Although ASD can be diagnosed at any age, it is a developmental disorder because symptoms typically present themselves during the first two years of life. The following are some common signs observed among people who are diagnosed with this condition:
- Social communication and interaction behaviours include any of these:
- reduced, inconsistent, or no eye contact
- failure to respond to his/her name or appears not to hear you at times
- facial expressions, movements, and gestures that do not match what is being said
- having trouble understanding another person’s perspective
- does not point at or bring objects to share interest
- does not appear to understand simple questions or directions
- repeats words or phrases, but does not know how to use them
- speaks with an unusual tone or rhythm and may use a singsong voice or robot-like speech
- unable to start a conversation or keep one going, or only knows how to make requests or label items
- Restrictive/repetitive behaviours may include:
- repeating certain behaviours or having unusual behaviours
- g. echolalia – the act of repeating noises and phrases that they hear; people with echolalia may not be able to communicate effectively because they struggle to express their own thoughts, therefore, they might only be able to repeat a question rather than answer it.

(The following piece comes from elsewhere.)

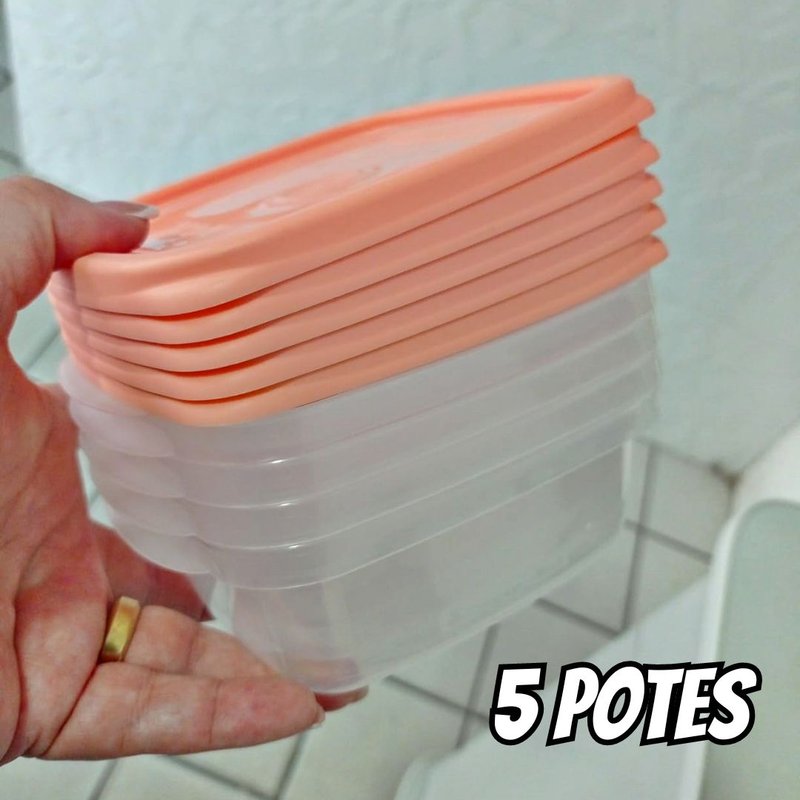 Conjunto de Potes Plásticos de 530ml, Leve 5 Pague 4, Cor Sortida, Linha Fácil, Sanremo na Amazon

- fixates on a certain object or topic with abnormal intensity or focus
- develops specific routines or rituals and becomes upset over the slightest interruptions
- unusually sensitive to light, sound or touch, yet may be indifferent to pain or temperature
- my brother has been described in his diagnosis as an individual who “hardly seeks comfort and this is in part due to his high threshold of pain”.
- repeating certain behaviours or having unusual behaviours
As children with ASD age, some may gradually become more involved with others and show fewer disruptions in their behaviour. As observed in my younger brother, he is able to strike up a conversation and keep it going, even though it is only with select individuals of whom he may find comfortable talking to. Additionally, some, usually with the least severe problems, may eventually lead normal or near-normal lives.
Treatments and Therapies
There is currently no known cure for ASD and as mentioned before, it is possible for symptoms to lessen especially with the appropriate intervention; people do not outgrow autism.
Structured intervention and relevant training will help these individuals acquire the necessary life skills. According to the Singapore Autism Resource Centre (ARC), there has been extensive research carried out to evidence that young children with autism experience substantial improvements when intervention is started at the earliest possible age. Parents and caregivers should note that the learning curve for pre-schoolers with ASD is different from that of his/her peers. They often require clear instructions and practice of the core skills such as social interaction, communication, self-regulation and organisational skills in order to be more self-reliant as they grow older. Given the proper education and guidance, many individuals with autism will grow up to successful contributors to the society. One famous example would be Satoshi Tajiri, the brains behind the globally renowned video game Pokémon.
Always remember the famous words of Dr. Stephen Shore – If you’ve met one person with autism, you’ve met one person with autism. Although there are similarities when it comes to certain issues experienced by individuals with ASD such as social interaction, communication and repetitive behaviour, they merge together differently for each individual. It is why some may excel at science or math while others excel in sports or arts, and this could be said the same for the rest of the human population.